Wo kann Luftabwehr der Ukraine nützen?

"Wenn man sich die Kämpfe im Donbass derzeit anschaut, gibt es dort, etwa in Sjewjerodonezk, eine Konzentration von Luftangriffen", sagt Richter. Entsprechend wäre IRIS-T-SLM eine erhebliche Stärkung der Verteidigungskraft, denn das System ist in der Lage, einen großen Operationsraum am Boden vor Luftangriffen zu schützen. Dort könnte sowohl eine Großstadt liegen, wie es der Kanzler in seiner Bundestagsrede andeutete, "dort können aber auch ukrainische Truppen operieren. Das würde den Verteidigern einen wesentlichen Zugewinn bringen", meint der Experte, der für die Stiftung Wissenschaft und Politik zu Verteidigungspolitik forscht. Seine Einschätzung zum IRIS-T-SLM: "Sehr modern, sehr effektiv".

Warum ist IRIS-T-SLM gerade für die Ukraine so nützlich?

Eine Einheit des IRIS-T-SLM besteht aus einem Radarsystem, einem Kontrollsystem und ein bis drei Startsystemen mit je acht dort montierten Flugabwehrraketen. "Alle Komponenten befinden sich in Containern, die auf Fahrzeuge verladen oder auch im Lufttransport verlegt werden können. Radar- und Kontrollsystem können sich in einem Container oder Fahrzeug befinden", sagt Richter, für die Raketen sei dann ein weiteres Fahrzeug notwendig, so dass eine Einheit ohne Nachladung gegebenenfalls nur zwei Fahrzeuge umfassen muss. Das macht IRIS-T-SLM sehr mobil, worin laut Militärexperte Gustav Gressel ein großer Vorteil für die Ukraine liegt.

Denn das Radar, das die ukrainische Armee nutzt, um Angriffsziele zu erfassen, das können auch die gegnerischen Truppen ihrerseits orten. "Deshalb schießen die Ukrainer immer nur eine Abwehr-Salve aus einer Stellung. Danach schalten sie das Radar ab, bringen ihre Geräte an einen anderen Ort und warten, bis die Russen den nächsten Einsatz fliegen", erklärte Gressel im Interview mit ntv.de. Für diese Taktik benötige man sehr mobile Geräte, darum sei die IRIS-T-SLM "für die Ukraine eine sehr gute Waffe".

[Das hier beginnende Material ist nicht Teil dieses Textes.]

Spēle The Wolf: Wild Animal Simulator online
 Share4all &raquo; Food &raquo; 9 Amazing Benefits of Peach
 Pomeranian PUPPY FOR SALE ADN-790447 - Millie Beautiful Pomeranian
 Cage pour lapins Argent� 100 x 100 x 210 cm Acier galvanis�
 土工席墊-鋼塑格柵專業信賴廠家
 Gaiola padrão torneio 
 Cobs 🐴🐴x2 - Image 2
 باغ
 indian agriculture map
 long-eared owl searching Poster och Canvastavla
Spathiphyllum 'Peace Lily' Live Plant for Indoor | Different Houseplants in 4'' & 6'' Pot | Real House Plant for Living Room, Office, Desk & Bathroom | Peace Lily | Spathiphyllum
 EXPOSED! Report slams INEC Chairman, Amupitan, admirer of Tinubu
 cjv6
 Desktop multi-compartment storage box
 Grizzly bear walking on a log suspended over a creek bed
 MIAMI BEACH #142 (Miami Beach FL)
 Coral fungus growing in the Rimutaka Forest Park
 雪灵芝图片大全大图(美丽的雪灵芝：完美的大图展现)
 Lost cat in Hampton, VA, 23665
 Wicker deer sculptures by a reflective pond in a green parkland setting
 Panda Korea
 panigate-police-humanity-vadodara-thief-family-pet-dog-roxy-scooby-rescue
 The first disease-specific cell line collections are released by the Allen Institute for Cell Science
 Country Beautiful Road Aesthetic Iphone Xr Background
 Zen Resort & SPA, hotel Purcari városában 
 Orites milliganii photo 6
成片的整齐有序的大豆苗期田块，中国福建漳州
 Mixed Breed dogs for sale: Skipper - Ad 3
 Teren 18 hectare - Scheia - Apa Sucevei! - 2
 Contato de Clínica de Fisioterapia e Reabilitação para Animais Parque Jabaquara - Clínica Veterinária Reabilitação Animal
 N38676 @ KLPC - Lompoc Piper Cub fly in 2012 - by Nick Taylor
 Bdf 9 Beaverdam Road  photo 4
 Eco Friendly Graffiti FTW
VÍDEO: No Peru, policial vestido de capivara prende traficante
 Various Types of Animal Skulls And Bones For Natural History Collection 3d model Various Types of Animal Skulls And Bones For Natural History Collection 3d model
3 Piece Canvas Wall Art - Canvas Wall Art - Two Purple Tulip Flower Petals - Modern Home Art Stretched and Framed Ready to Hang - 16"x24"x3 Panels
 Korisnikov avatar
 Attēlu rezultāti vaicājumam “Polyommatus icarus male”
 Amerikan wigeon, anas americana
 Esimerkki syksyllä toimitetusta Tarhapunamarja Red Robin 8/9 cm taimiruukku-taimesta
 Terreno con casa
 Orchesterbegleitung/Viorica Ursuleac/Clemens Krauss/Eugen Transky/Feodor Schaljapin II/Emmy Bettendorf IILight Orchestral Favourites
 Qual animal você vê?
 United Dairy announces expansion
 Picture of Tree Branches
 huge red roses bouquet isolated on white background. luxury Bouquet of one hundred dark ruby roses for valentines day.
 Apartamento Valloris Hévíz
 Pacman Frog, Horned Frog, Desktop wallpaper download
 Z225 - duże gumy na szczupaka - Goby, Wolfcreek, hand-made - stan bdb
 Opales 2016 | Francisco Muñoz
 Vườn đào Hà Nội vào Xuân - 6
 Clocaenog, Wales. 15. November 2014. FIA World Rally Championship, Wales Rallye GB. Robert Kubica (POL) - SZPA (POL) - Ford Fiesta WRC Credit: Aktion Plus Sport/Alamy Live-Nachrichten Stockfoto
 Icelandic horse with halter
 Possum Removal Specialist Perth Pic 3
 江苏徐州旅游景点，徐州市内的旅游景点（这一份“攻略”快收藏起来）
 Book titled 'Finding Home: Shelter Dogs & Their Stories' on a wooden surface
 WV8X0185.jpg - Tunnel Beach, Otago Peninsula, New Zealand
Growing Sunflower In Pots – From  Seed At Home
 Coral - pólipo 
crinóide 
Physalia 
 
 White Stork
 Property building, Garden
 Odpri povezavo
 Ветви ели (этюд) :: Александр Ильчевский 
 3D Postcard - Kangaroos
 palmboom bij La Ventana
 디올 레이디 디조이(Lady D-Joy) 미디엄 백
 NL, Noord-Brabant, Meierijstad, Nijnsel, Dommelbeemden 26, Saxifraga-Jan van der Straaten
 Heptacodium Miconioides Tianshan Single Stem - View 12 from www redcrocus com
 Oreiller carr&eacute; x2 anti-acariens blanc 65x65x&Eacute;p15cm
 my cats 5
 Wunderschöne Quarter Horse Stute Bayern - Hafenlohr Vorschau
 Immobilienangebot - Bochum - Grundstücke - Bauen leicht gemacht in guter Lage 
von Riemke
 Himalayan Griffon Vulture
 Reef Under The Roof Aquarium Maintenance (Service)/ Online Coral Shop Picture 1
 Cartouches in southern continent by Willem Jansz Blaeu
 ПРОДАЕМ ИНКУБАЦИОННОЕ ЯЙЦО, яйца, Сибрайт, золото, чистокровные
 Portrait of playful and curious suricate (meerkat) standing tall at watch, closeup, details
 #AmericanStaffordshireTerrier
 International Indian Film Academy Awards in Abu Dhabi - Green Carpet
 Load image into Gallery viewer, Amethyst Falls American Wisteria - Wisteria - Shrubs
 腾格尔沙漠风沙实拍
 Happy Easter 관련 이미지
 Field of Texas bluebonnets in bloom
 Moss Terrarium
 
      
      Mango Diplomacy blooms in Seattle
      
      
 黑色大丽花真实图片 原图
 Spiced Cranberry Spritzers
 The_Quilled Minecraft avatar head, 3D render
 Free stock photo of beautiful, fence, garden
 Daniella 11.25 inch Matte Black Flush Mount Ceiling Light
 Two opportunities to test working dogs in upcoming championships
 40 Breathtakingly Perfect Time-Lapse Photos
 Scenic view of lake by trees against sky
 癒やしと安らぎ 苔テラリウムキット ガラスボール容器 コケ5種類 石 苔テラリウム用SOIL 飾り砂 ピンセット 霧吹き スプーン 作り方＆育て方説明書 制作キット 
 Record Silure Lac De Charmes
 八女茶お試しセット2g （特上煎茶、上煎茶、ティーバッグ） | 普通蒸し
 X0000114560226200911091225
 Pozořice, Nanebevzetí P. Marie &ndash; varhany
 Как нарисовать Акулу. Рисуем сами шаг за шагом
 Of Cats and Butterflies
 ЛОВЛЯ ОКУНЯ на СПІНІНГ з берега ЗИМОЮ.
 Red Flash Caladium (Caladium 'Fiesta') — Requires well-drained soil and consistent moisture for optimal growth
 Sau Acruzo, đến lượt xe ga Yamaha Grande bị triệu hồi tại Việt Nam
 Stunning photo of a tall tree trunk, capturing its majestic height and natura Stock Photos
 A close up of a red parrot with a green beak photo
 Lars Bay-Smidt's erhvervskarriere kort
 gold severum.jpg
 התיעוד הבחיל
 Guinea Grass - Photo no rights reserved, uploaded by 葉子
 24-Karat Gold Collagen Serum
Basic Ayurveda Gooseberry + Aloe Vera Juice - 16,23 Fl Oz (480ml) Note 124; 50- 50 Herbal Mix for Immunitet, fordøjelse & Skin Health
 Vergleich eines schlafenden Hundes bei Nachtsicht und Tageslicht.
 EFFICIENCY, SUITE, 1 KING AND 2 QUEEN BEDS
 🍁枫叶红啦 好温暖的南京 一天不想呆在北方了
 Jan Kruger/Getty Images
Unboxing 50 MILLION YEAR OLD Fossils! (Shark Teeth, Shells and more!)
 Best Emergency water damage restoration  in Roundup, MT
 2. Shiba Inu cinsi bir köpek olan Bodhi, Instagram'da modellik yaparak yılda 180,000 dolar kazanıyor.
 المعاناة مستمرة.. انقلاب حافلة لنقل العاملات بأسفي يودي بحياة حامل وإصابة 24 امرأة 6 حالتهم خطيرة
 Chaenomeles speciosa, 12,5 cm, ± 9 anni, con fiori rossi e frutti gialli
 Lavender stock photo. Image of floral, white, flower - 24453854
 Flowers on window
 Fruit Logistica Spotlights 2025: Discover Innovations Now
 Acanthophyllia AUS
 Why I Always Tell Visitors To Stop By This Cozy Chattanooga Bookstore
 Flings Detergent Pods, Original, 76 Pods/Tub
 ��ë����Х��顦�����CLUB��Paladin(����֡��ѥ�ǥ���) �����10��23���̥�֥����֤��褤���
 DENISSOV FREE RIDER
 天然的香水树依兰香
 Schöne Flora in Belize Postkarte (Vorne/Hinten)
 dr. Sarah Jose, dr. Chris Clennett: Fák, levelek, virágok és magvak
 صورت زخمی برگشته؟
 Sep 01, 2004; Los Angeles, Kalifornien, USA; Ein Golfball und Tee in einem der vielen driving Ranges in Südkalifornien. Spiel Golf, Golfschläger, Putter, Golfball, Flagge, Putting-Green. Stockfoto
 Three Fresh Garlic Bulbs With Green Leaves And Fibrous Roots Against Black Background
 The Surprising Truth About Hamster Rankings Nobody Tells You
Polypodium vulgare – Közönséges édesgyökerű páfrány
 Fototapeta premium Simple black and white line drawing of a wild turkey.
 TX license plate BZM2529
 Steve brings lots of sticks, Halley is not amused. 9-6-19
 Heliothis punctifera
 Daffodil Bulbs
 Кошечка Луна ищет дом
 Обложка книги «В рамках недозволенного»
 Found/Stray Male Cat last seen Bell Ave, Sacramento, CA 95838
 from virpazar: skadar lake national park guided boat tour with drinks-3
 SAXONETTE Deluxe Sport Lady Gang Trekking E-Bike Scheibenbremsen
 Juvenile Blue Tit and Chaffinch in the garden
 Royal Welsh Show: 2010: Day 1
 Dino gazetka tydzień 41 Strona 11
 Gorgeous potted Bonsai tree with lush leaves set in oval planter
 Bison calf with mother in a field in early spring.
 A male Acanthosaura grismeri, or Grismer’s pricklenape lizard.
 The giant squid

Ab wann kann die Ukraine das System nutzen?

Öffentliche Aussagen zur Lieferzeit gibt es von der Bundesregierung noch nicht. Die Bundeswehr hat das Boden-Luft-System nicht im Bestand, hier ist also Diehl Defence als Hersteller gefragt. Nach Aussage Gressels wurde im April eine Tranche nach Ägypten geliefert und Diehl ist an seine Verträge gebunden. "In diesen Verträgen gibt es allerdings eine Klausel für den nationalen Bedarf. Die Bundesregierung müsste also einschreiten und sagen: 'Wir melden Bedarf an diesem Gerät an, wir requirieren es und geben es an die Ukraine'." Ob die Regierung diese Möglichkeit nutzt, hat sie nicht mitgeteilt. Aber laut Experte Richter "könnten laufende Aufträge storniert oder verzögert werden, um Geräte, die in Produktion oder bereits produziert sind, für den Bedarf in der Ukraine umzuleiten".

Die ukrainische Truppe müsste an der Technik ausgebildet werden, "das ist ja kein selbsterklärendes System", sagt Richter. Da jedoch das Land eigene Luftverteidigungssysteme ähnlicher Bauart nutze, müssten die spezialisierten Soldaten nicht bei Null anfangen. "Ich denke, dass professionelles Personal, das schon auf anderen Luftverteidigungssystemen trainiert hat, die Iris-T-SLM innerhalb weniger Wochen bedienen könnte."